● **Directions**: Using the data below, restate exactly every line from the one with "In Junagadh, the" up to and including the one with "If you look". No picture belongs in it.

● **Available data**:
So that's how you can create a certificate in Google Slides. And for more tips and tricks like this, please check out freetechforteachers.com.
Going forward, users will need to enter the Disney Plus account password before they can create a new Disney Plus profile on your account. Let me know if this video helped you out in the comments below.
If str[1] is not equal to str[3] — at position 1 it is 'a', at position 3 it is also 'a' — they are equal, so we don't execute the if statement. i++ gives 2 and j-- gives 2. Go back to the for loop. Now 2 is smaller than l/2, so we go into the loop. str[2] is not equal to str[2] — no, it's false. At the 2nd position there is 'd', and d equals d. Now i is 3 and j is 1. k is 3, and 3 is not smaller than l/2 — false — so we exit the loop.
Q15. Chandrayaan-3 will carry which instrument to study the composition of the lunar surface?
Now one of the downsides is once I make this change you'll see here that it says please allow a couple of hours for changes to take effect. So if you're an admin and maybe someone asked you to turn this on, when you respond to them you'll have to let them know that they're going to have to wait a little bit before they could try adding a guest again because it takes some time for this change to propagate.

--

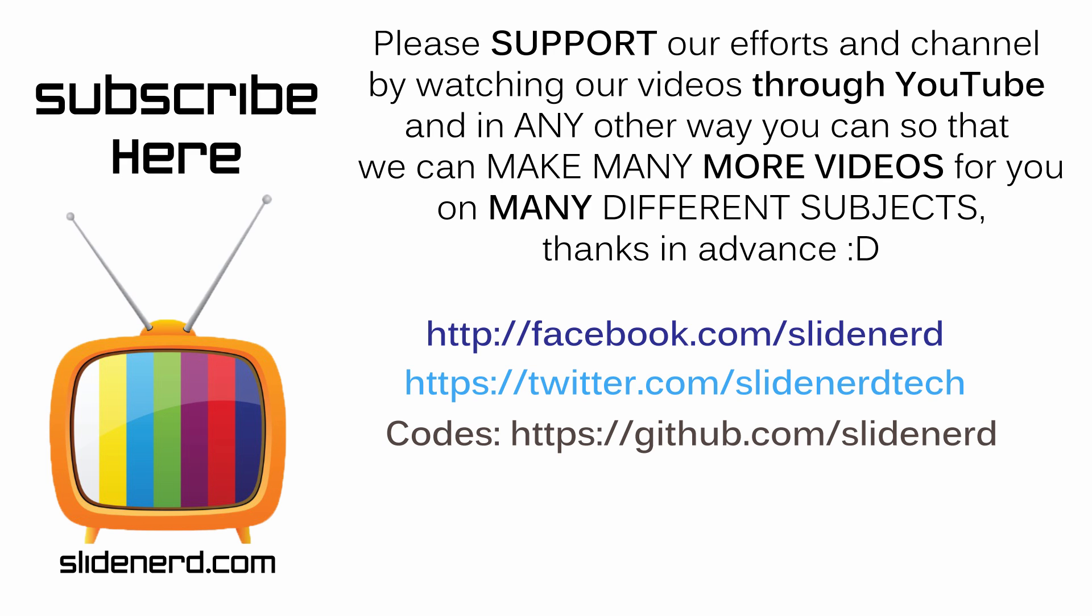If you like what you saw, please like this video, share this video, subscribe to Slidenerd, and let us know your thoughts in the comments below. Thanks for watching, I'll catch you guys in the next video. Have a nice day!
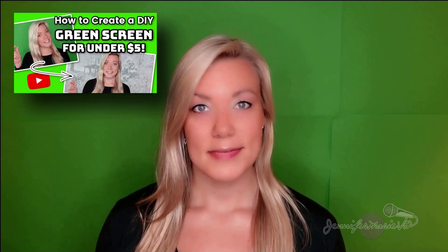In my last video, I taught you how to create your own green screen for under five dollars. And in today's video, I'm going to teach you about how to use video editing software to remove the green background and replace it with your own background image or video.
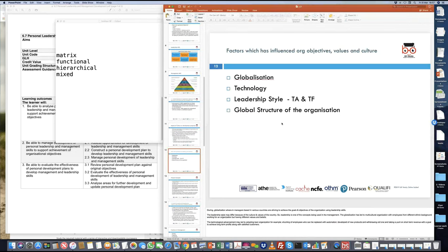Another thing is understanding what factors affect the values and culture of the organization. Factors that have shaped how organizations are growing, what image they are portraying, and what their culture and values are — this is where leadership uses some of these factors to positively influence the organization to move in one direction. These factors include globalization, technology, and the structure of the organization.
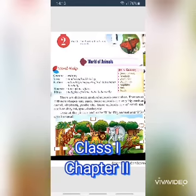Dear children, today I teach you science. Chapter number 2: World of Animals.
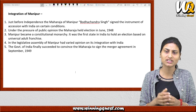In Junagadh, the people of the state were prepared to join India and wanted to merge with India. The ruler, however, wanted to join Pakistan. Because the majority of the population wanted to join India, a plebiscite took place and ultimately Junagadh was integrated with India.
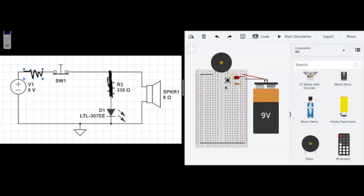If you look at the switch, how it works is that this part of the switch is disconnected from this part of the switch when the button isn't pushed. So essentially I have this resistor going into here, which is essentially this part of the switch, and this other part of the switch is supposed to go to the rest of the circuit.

--

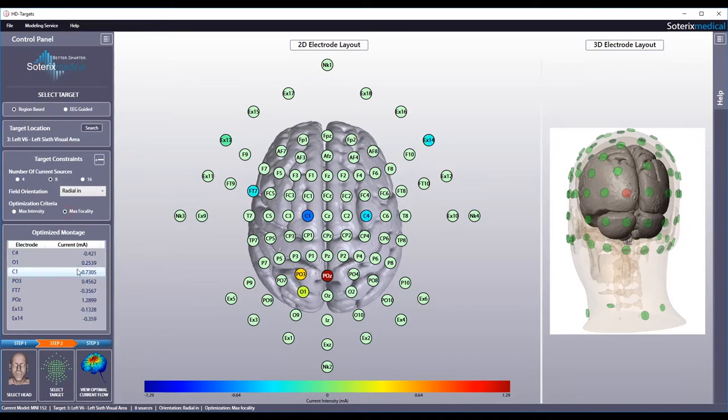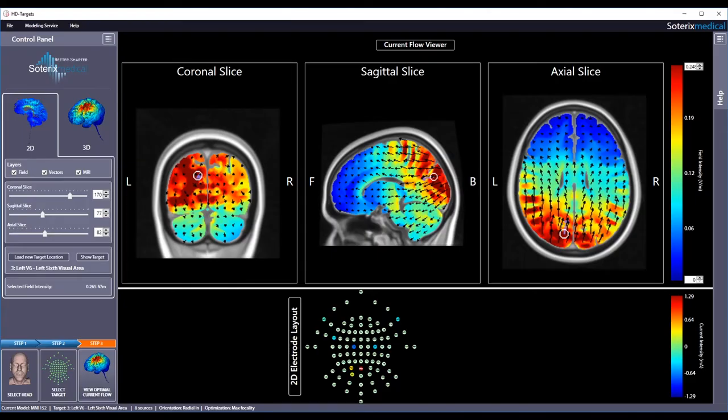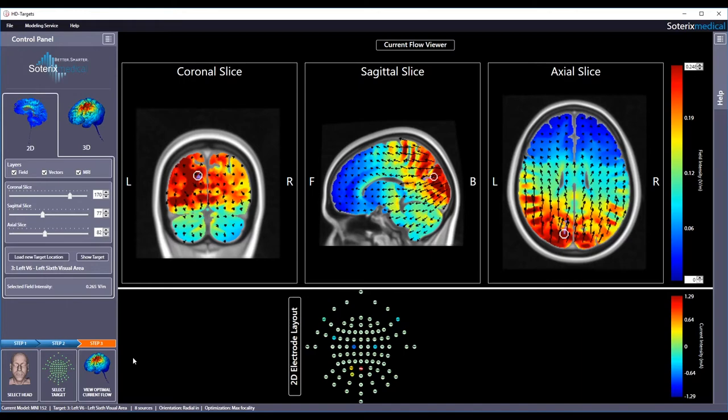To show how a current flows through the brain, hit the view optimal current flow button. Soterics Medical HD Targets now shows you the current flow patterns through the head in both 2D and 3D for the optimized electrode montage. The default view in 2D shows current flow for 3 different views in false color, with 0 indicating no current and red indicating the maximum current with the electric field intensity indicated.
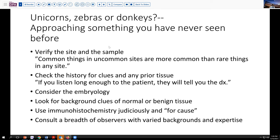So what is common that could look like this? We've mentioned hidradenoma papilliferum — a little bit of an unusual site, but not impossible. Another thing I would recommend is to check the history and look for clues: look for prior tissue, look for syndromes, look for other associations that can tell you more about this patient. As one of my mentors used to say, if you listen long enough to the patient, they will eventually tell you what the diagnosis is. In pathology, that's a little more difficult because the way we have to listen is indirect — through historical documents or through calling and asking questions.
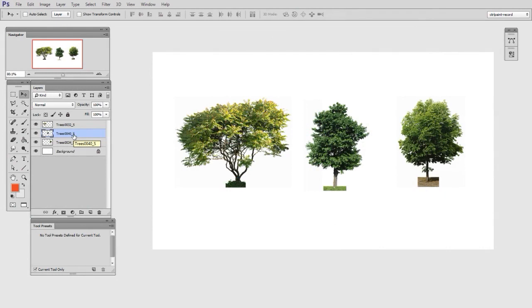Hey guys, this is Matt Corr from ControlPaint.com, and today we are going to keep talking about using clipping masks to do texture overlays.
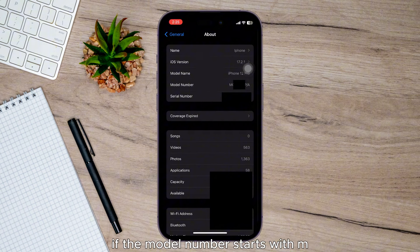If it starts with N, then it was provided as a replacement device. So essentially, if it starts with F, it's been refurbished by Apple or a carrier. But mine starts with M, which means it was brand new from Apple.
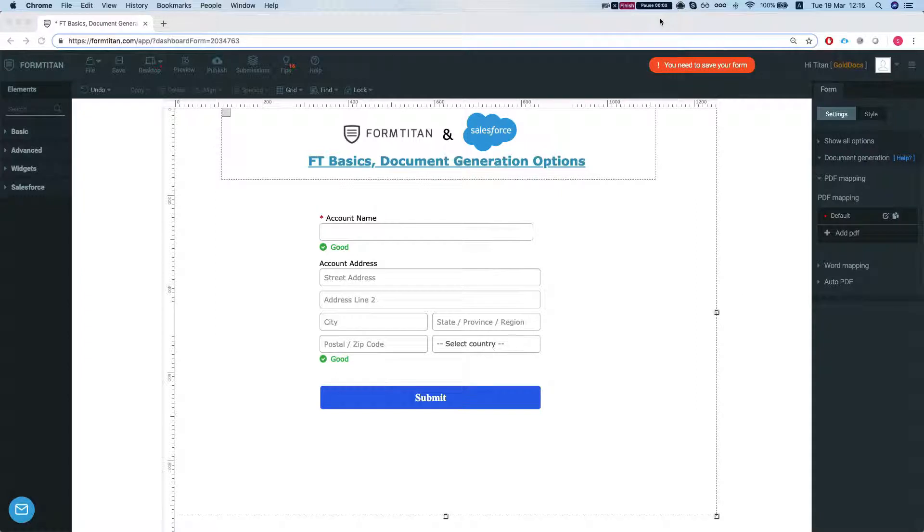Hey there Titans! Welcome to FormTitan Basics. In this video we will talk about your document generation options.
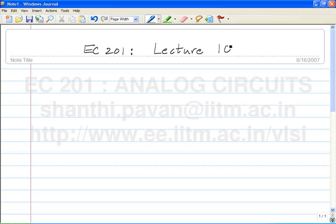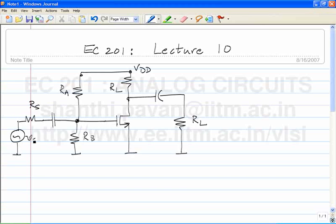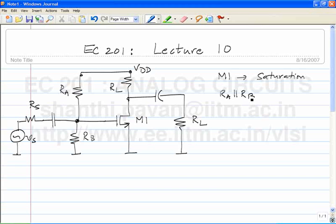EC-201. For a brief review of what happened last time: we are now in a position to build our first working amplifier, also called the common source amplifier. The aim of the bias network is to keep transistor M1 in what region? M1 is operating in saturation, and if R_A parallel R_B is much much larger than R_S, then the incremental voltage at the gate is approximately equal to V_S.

● **Expected answer**:
In Junagadh, the people of the state were prepared to join India and wanted to merge with India. The ruler, however, wanted to join Pakistan. Because the majority of the population wanted to join India, a plebiscite took place and ultimately Junagadh was integrated with India.
If you look at the switch, how it works is that this part of the switch is disconnected from this part of the switch when the button isn't pushed. So essentially I have this resistor going into here, which is essentially this part of the switch, and this other part of the switch is supposed to go to the rest of the circuit.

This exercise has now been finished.